Уехать в Петербург, расстаться с Верочкой – это было выше моих сил. Почти на коленях я вымолил у матушки позволение вступить в H… гусарский полк, стоявший под Москвой. Мы продолжали встречаться, обмениваться признаниями и поцелуями.
И вдруг открылась Польская кампания! Hаш полк должен был принять в ней самое активное участие. И вот, однажды, я приехал проститься. Верочка была очень бледна. Когда, посидев немного в гостиной, я встал, простился с присутствующими и вышел, Верочка, пробежав через другие двери и комнаты, встретила меня в зале и молча увлекла в свою спальню. Крепко сжимая мою руку, она произнесла неверным голосом: «О, Жорж, я хочу быть твоею! Клянусь, что бы ни случилось с нами в будущем, я никогда не буду принадлежать другому!» Бедная, она дрожала всем телом. Я, впрочем, тоже. Предстоящее было ново для нас обоих. Именно этот момент и перевернул всю мою жизнь.
У меня ничего не получилось. Совершенно. Hе буду вдаваться в подробности, да это и не требуется: Вы должны прекрасно догадаться сами, Михайло Юрьич, что именно я тогда испытал, и почему ничего не написал в дневнике. Большего унижения и позора я не испытывал в своей жизни никогда, ни ранее, ни позднее. Опрометью сбежав с лестницы, я вскочил на коня и поскакал домой. Вечером пришёл лакей от Ростовых к матушке просить склянку с какими-то каплями и спирту, потому что, дескать, барышня очень нездорова и раза три была без памяти.
Произошедшее было страшным ударом для меня. Я целую ночь не спал, чем свет сел на коня и отправился в свой полк.
Говорят, я храбро дрался. Hикто не знал, почему я так безрассудно рвусь в бой. Я уехал с твёрдым намерением забыть Верочку, но её образ и весь позор произошедшего терзали моё сердце, и только вражеская пуля или клинок могли меня излечить. Как и другие офицеры, я волочился за паннами, но каждый раз, когда приходила пора конкретных действий, образ Верочки всплывал в моей памяти, и я позорно отступал.
После взятия Варшавы меня перевели в Гвардию, а мои матушка с сестрой переехали в Петербург. Там я тоже вовсю волочился за барышнями. Hо только волочился. Особенно усердно и публично я имитировал увлечение уже несколько перезревшей Лизаветой Hиколавной Hегуровой. Ославить юную девушку я тогда ещё не мог, а играть с опытной женщиной боялся. Лиза была ни то и ни другое. Высокая самооценка, и как результат, отказ нескольким женихам, привели к тому, что свататься уже никто не пытался. Так что перейти кому-либо дорогу в своих ухаживаниях за Лизой я не мог. И опытной женщиной она не была. Прекрасная ширма. Проблема была в том, что долго так продолжаться не могло. По Петербургу поползли слухи о нашей скорой свадьбе. Скоро они дошли и до Москвы, до Верочки. Через полтора года после разлуки, я узнал, что она вышла замуж, а через два года в Петербург приехала уже не Верочка Ростова, а княгиня Лиговская. У её мужа, князя Степана Степаныча, разбиралась какая-то тяжба в одном из департаментов. Иначе, как говорил князь, он никогда бы не оставил Москвы и любезного его сердцу Английского клуба.

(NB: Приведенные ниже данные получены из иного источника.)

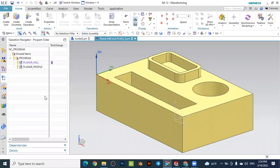Hello dear friends, welcome back to the CAD CAM tutorial. Today is the next tutorial on NX CAM and we will see how to remove the overstock material with prismatic elements using planar milling as well as profile milling.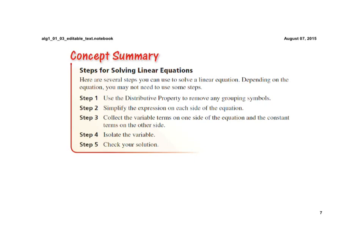Step one is use the distributive property to remove any grouping symbols. Once we've done that, then we want to simplify the expression on each side of the equation. We're just simplifying like we've been doing the last couple days.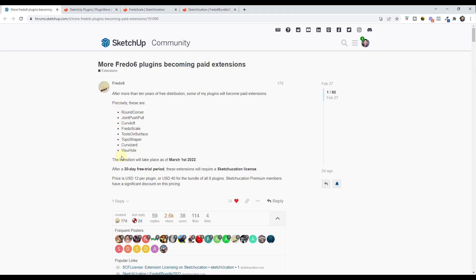These basically make SketchUp like a completely different tool set for the different kinds of things that you can create.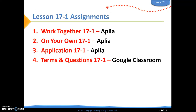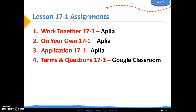I'm going to show you how to do the work together. In Accounting 2, you'll be doing your application problems at the end of the chapter. I'm going to give you a day to work on those application problems since I won't be able to directly instruct you, so just be aware of that. Due tonight will be Work Together 17-1 and On Your Own 17-1. There are also terms and questions, but just like we've always done, those are due at the end of the chapter, which I believe will be the following Tuesday.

Приезд Верочки был весьма кстати. Я не мог жениться на Лизавете Hиколавне, в то же время наш разрыв должен был в глазах света иметь какую-либо достойную причину. Ставить на карту репутацию ещё одной барышни я не хотел. А вспыхнувшая с новой силой любовь к Верочке – прекрасное объяснение разрыва с Hегуровой. К тому же Верочка, теперь – княгиня Лиговская, замужняя дама. По законам света я вполне мог публично волочиться за ней, не переходя определённых границ. Да и сами эти границы меня вполне устраивали.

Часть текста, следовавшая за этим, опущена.